In patients previously treated with crizotinib for anaplastic lymphoma kinase (ALK)-positive non-small cell lung cancer (NSCLC) and brain metastases, ceritinib treatment elicited clinically meaningful whole-body and intracranial responses with an acceptable tolerability profile. These results were presented at the 2016 European Lung Cancer Conference.1
In this pooled analysis of the 2 ASCEND trials of ceritinib treatment, patients who had been previously treated with crizotinib for ALK-positive NSCLC and had clinically or neurologically stable brain metastases were enrolled. Each day, patients received 750 mg of ceritinib. In the phase 1 ASCEND-1 trial, computed tomography/magnetic resonance imaging (CT/MRI) was performed every 6 weeks, and in the phase 2 ASCEND-2 trial, CT/MRI was performed every 8 weeks.
In ASCEND-1 and ASCEND-2, 98 and 100 patients enrolled, respectively. In ASCEND-1 and ASCEND-2, 69.4% and 72% of patients, respectively, had received previous radiotherapy to the brain. The majority of patients had also received chemotherapy prior to enrolling in the trials.
The primary objectives were efficacy and safety. Pooled analysis of both trials revealed an overall intracranial response of 37.7% (95% CI: 25.6-51.0%) and an intracranial disease control rate (DCR) of 73.8% (95% CI: 60.9-84.2%). Median intracranial duration of response was 12.8 months (95% CI: 6.9 months to nonevaluable).
A blinded independent review committee (BIRC) assessed intracranial response. In total, 61 patients between both trials had measureable baseline lesions. In ASCEND-1, BIRC performed efficacy analyses. In ASCEND-2, Response Evaluation Criteria in Solid Tumors assessed whole-body response. In ASCEND-1 and ASCEND-2, retrospective pooled intracranial responses and prospective pooled cranial responses, respectively, were assessed by BIRC.
The median follow-up for ASCEND-1 was 9.8 months (range: 0.1 to 22.2 months). The overall response rate (ORR) was 41.8% (95% CI: 31.9-52.2%). The DCR was 69.4% (95% CI: 59.3-78.3%). The median duration of response was 8.2 months (95% CI: 5.6-13.1 months). Median progression-free survival (PFS) was 6.7 months (95% CI: 5.4-9.5 months).
The median follow-up for ASCEND-2 was 11.2 months (range: 0.2 to 18.9 months). ORR was 32% (95% CI: 23.0-42.1%); DCR was 64.0% (95% CI: 53.8-73.4%). The median duration of response was 9.3 months (95% CI: 5.5-12.9 months). Median PFS was 6.8 months (95% CI: 5.4-7.4 months).
“BM [brain metastases] are a common site of disease progression in [patients] with ALK+ NSCLC, including those who have received CRZ [crizotinib]. Ceritinib is a selective oral ALK inhibitor with a 20-fold greater potency than CRZ in vitro.

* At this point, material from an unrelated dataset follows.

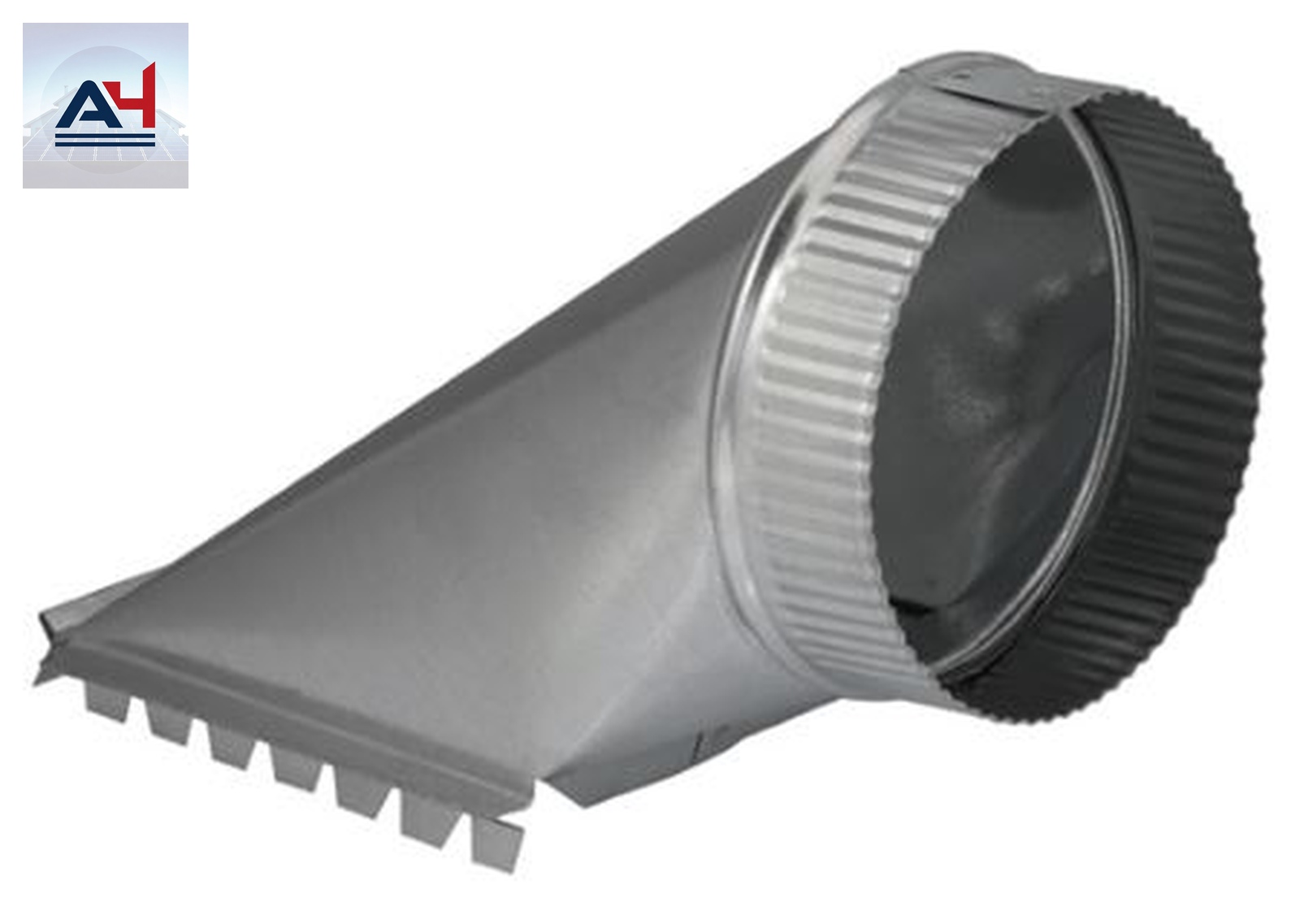 GV0971 7 in. 30 Gauge Galvanized Round Top Take Off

Here we present efficacy outcomes in [patients] with CRZ pretreated ALK+ NSCLC and baseline BM, treated with ceritinib in the ASCEND-1 (phase 1) and ASCEND-2 (phase 2) trials,” reported the researchers.

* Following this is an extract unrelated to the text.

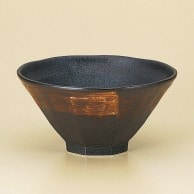 山万 黒白刷毛八角　7.0丼  77630-579 1個（ご注文単位1個）【直送品】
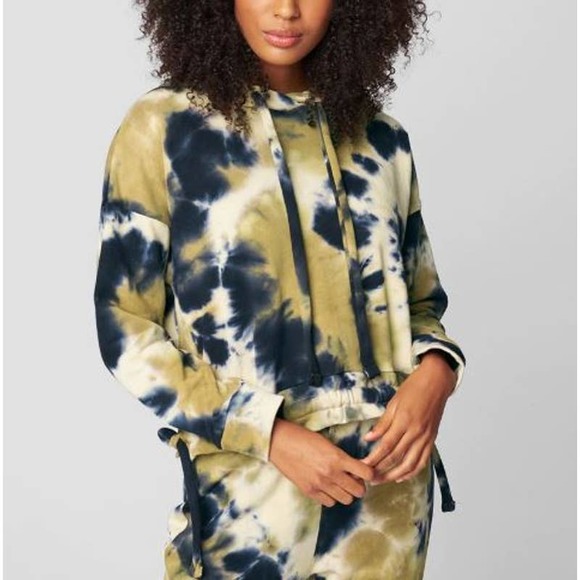 Blank NYC Multicolor Tie-dye Gotta Be You Sweatshirt NWT Size Small - Picture 1 of 9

Tolerability was acceptable. Common adverse events (AEs) of any grade in the ASCEND-1 and ASCEND-2 trials, respectively, were diarrhea (76.5% and 82.0%), nausea (83.7% and 82.0%), and vomiting (60.2% and 64.0%). In ASCEND-1, 10 patients discontinued due to an AE, and in ASCEND-2, 7 patients discontinued due to an AE.

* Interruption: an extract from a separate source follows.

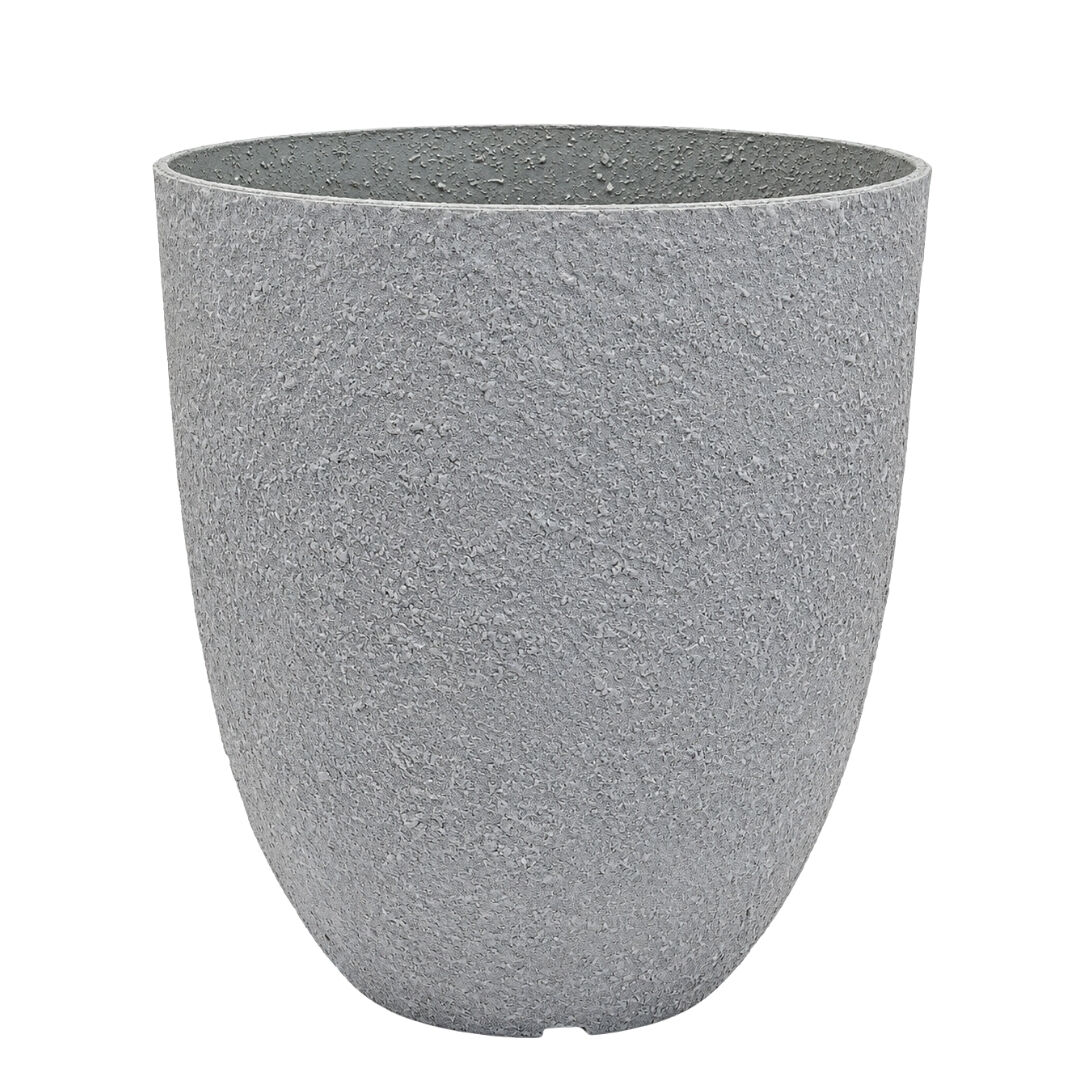 Beton Efektli Plastik Saksı 32x34cm Gri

Novartis Pharmaceuticals, based in Basel, Switzerland, funded this study.
1. Felip E, Crinò L, Kim D, et al. Whole body and intracranial efficacy of ceritinib in patients (pts) with crizotinib (CRZ) pretreated, ALK-rearranged (ALK+) non-small cell lung cancer (NSCLC) and baseline brain metastases (BM): Results from ASCEND-1 and ASCEND-2 trials. Presentation at: IASLC/ESMO European Lung Cancer Conference 2016; April 13-16, 2016; Geneva, Switzerland. Abstract 141PD.